** Exercise data **
####################

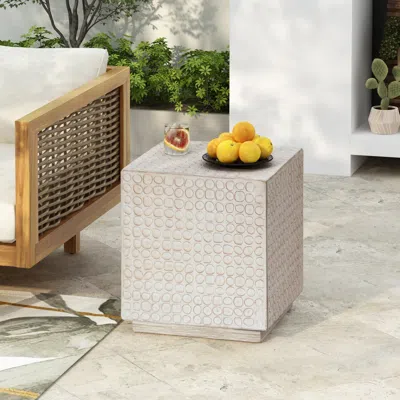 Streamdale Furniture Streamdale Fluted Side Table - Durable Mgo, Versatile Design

####################

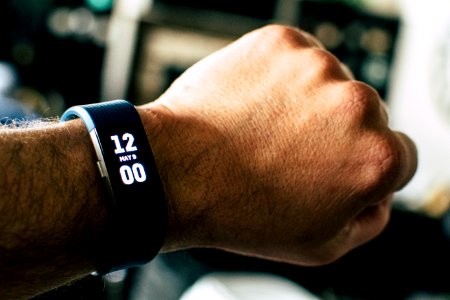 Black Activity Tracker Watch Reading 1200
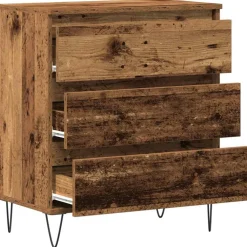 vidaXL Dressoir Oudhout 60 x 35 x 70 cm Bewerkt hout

####################

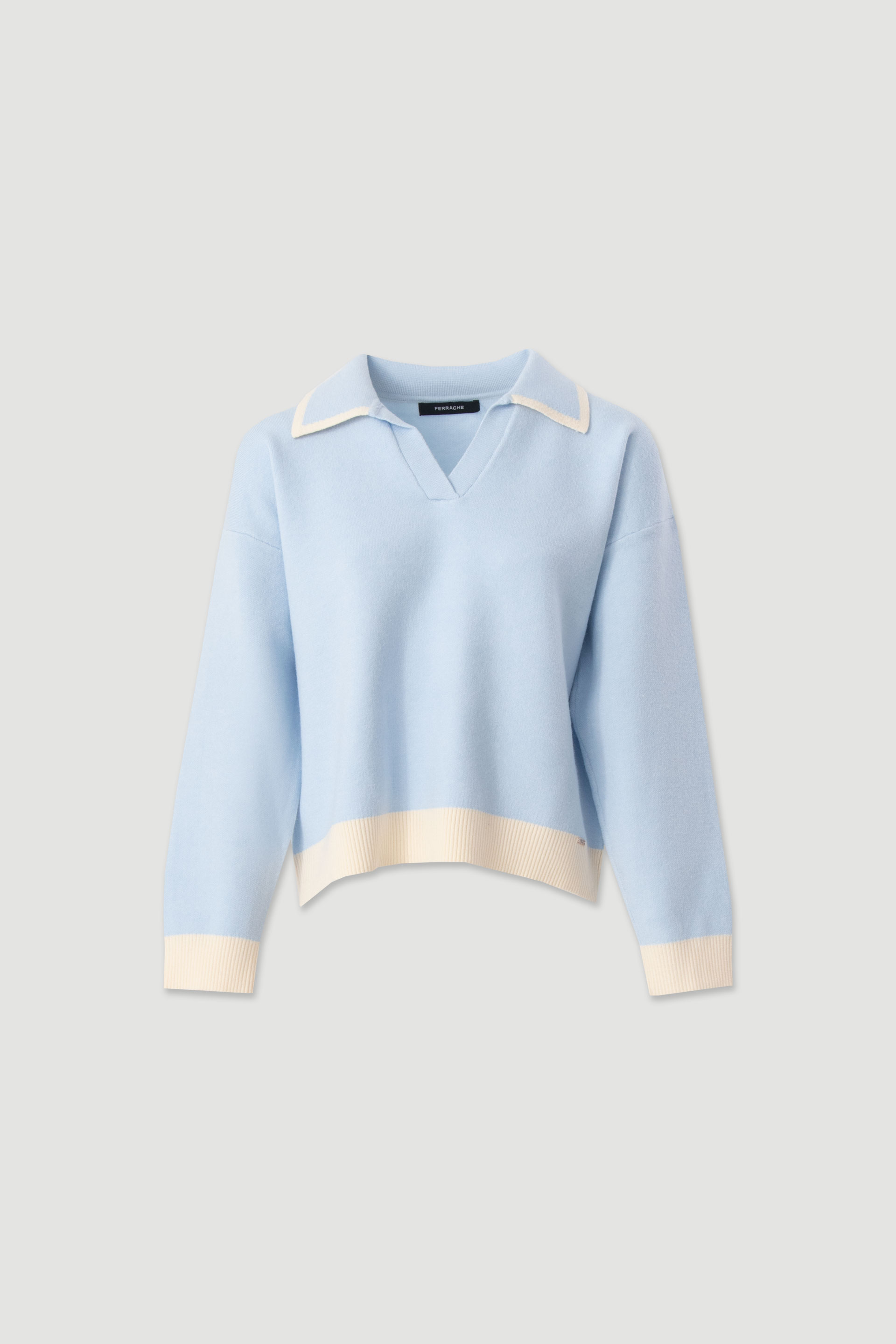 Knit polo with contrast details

####################

** Directions **
Write out again exactly the lines above from the one with "Black Activity Tracker Watch Reading 1200" through the one with "vidaXL Dressoir Oudhout", adding no other lines and no pictures.

** Solution for this exercise **
 Black Activity Tracker Watch Reading 1200
 vidaXL Dressoir Oudhout 60 x 35 x 70 cm Bewerkt hout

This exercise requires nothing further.